Richard has recently immigrated from Eastern Europe and runs a small bakery employing two family members. He is vaguely aware of an obligation by some employers to withhold amounts of PAYG(W) from employees' wages, but had assumed that this just applied to businesses with 100 or more employees, that is, those to whom the unfair dismissal laws applied.
Upon audit, he is informed of his obligation to withhold from wages paid to any employees, and he immediately provides copies of bank statements identifying direct transfers of wages into the employees' accounts.
In this instance, Richard's lack of experience in Australian business and taxation affairs is taken into account, as is the importance of encouraging him to meet his PAYG(W) obligations in future. It is therefore determined that Richard's failure to withhold constituted a lack of reasonable care, warranting the remission of failure to withhold penalty by 75% from 100% to 25%.
Richard's positive co-operation upon realising his error has significantly expedited the resolution of the audit and the penalty is further reduced by 20% of 25%, that is, 5%, resulting in a final penalty of 20%.
Amy runs a small café and employs two full-time staff whom she pays by cheque and from whose wages she withholds amounts of PAYG(W). She also employs one part-time waitperson for the busy periods whom she pays by cash and from whose wages she does not withhold any amounts of PAYG(W).
Amy was aware that she should have been withholding amounts of PAYG(W) from the cash wages but knew that her part-time staff member would not work for her if they were required to pay tax on this income.
However, after a couple of years, she has decided to regularise her business taxation affairs and has advised her part-time staff member that PAYG(W) will be withheld in future and has also alerted the ATO to her past failure to withhold.
As Amy has made a voluntary disclosure that was not initiated by any notified ATO audit action, the failure to withhold penalty is remitted in full.
5. How to make a decision to remit the penalty for failure to withhold under Subdivision 12-F (dividend, interest and royalty payments to overseas persons)

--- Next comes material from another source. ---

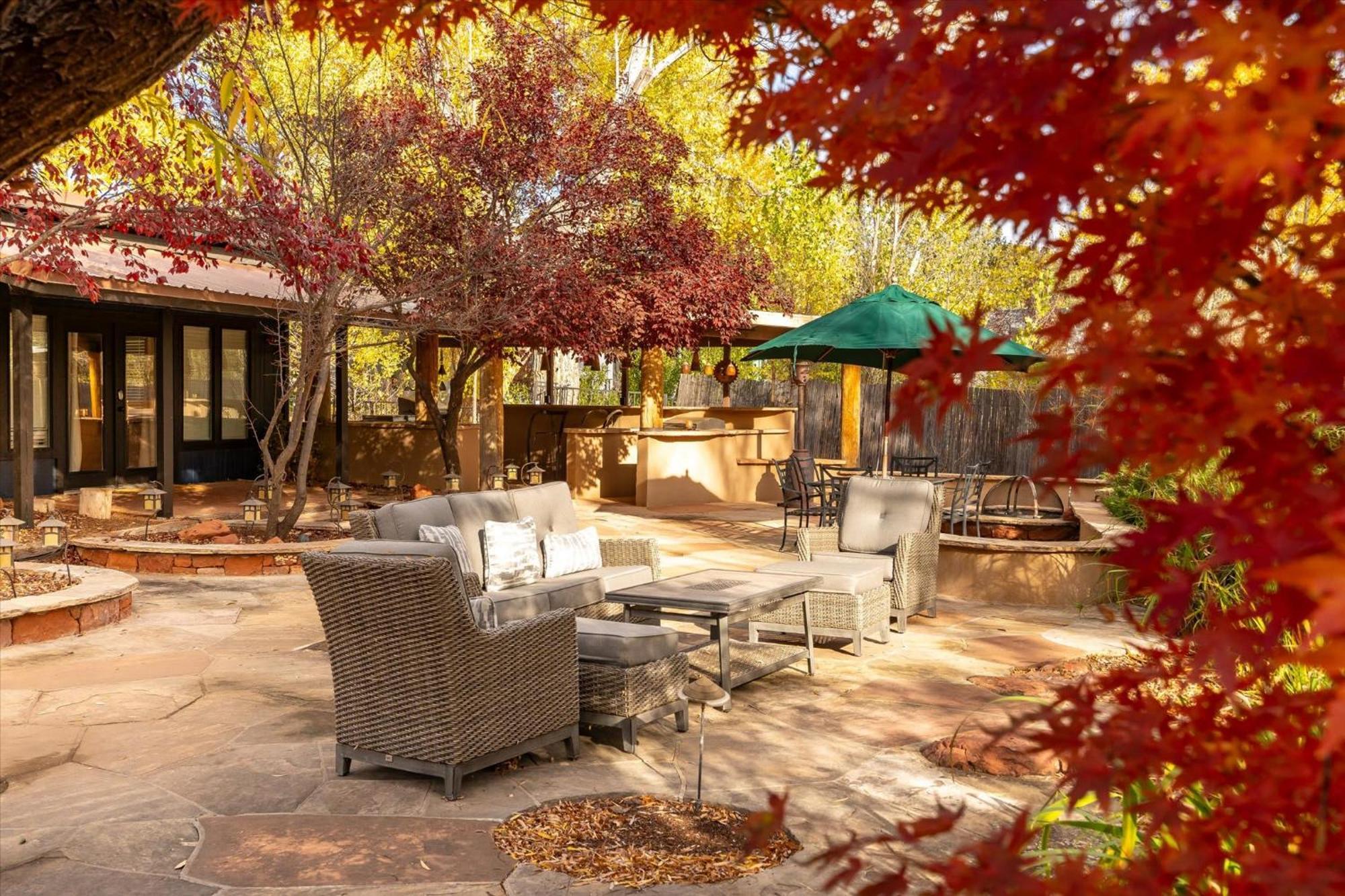 Huge Compound Gym Two Spas Casitas Pond *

Your decision will have to consider the specific rules for payers withholding from certain dividend, interest and royalty (DIR) payments:
- •
- If a payer fails to withhold from a DIR payment, or withholds less than required, they are liable to a penalty equal to the amount that they failed to withhold
- •
- If the payer has paid the penalty, the payee is entitled to a credit equal to the amount of the penalty.[5]

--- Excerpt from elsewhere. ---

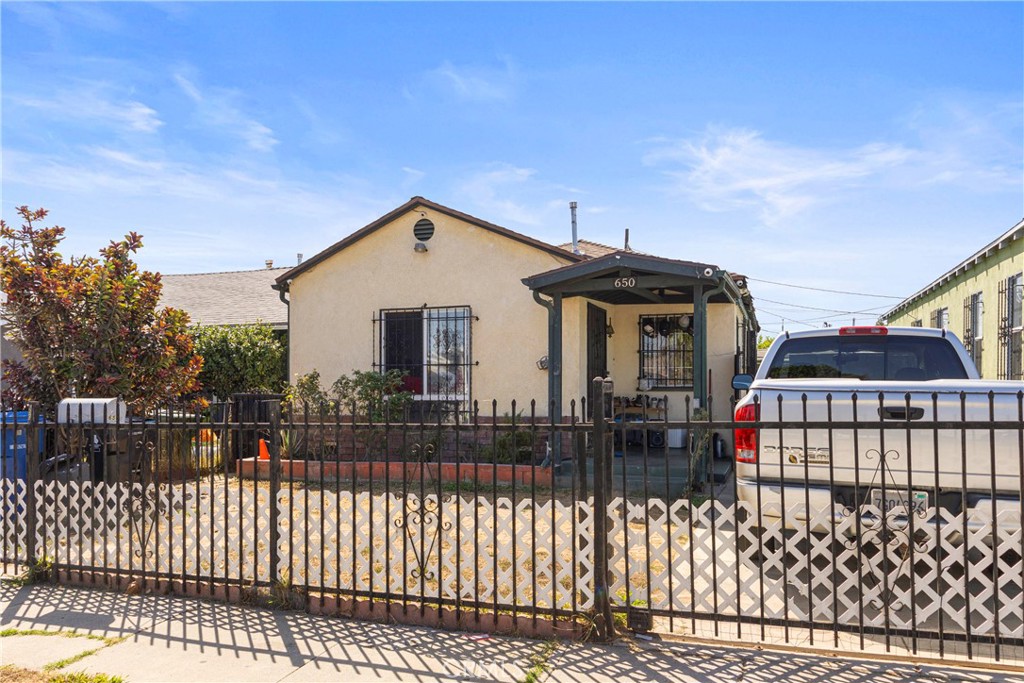 650 W 107th Street Property Photo 1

The combination of the above two points will usually mean that the withholding tax liability has been met, or paid. However, if the payer is granted remission of the penalty, the payee's credit is reduced by the amount of the remission.
This will mean that the withholding tax liability is not paid.
The reason this is important is because if the payer has failed to withhold from an interest or royalty payment (but not a dividend) and they would otherwise get a deduction for the payment, they cannot get the deduction until the withholding tax is paid.
Thus, a penalty remission will usually mean that the interest or royalty payer cannot get a deduction unless they somehow make good the withholding tax deficiency (for example, the payee pays it separately).
Therefore, we will not normally remit a penalty for failing to withhold from an interest or royalty payment, unless the payer agrees to it.
Further, if amounts are not withheld from DIR payments, the likelihood of a loss to the revenue is high, given that the payees are in overseas jurisdictions, which make enforcement difficult. Non-collection usually means a permanent loss to the revenue.
Therefore, although each case needs to be decided on its facts, a decision to remit penalty for failure to withhold from a DIR payment should only be made in exceptional circumstances. An example might be where a payer was not, and could not be reasonably expected to, have been aware of their withholding obligations.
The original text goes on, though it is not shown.